◆ **Records supplied**:

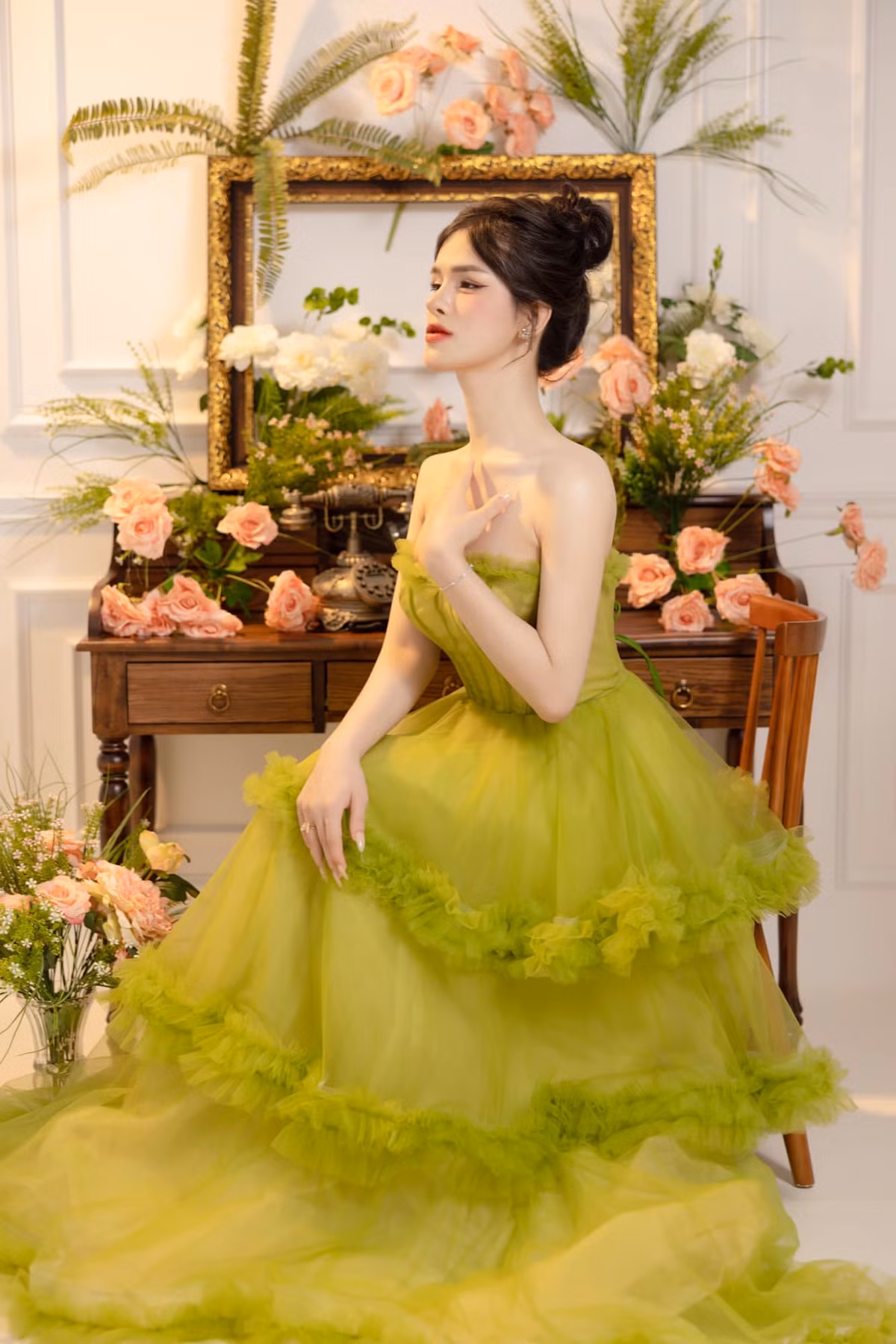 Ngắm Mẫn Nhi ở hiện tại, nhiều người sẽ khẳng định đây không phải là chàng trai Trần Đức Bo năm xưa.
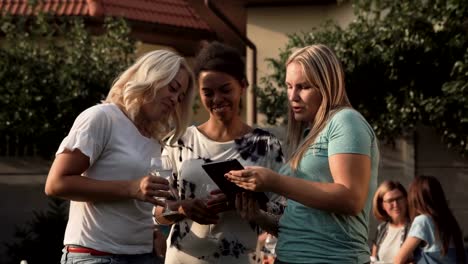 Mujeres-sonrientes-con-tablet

...

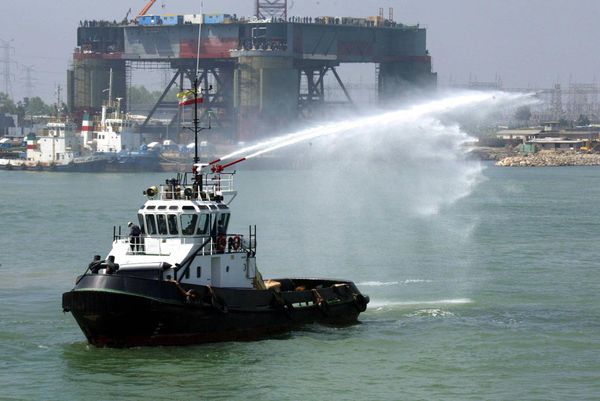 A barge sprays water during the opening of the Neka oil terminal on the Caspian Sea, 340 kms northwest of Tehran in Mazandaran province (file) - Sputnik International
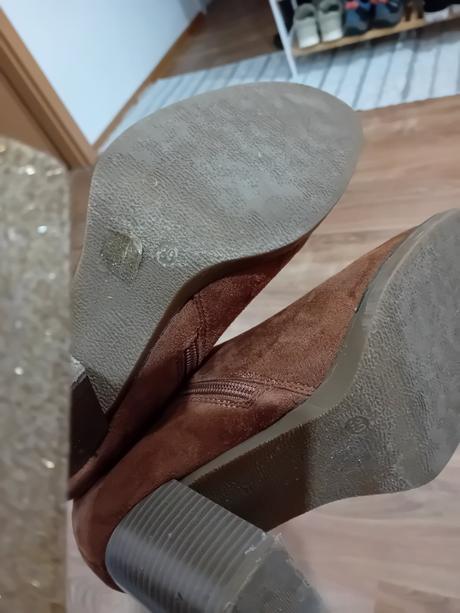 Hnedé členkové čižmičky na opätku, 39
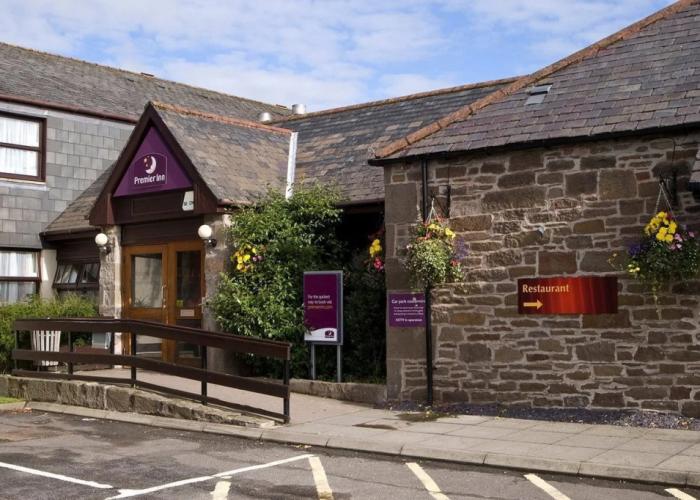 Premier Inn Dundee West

* * *

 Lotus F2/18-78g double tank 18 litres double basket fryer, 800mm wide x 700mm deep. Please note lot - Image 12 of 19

◆ **Required work**:
Would you copy out, exactly and with no pictures, only the lines above from the one that contains "Ngắm Mẫn Nhi" through the one that contains "Mujeres-sonrientes-con-tablet"?

◆ **Written response**:
 Ngắm Mẫn Nhi ở hiện tại, nhiều người sẽ khẳng định đây không phải là chàng trai Trần Đức Bo năm xưa.
 Mujeres-sonrientes-con-tablet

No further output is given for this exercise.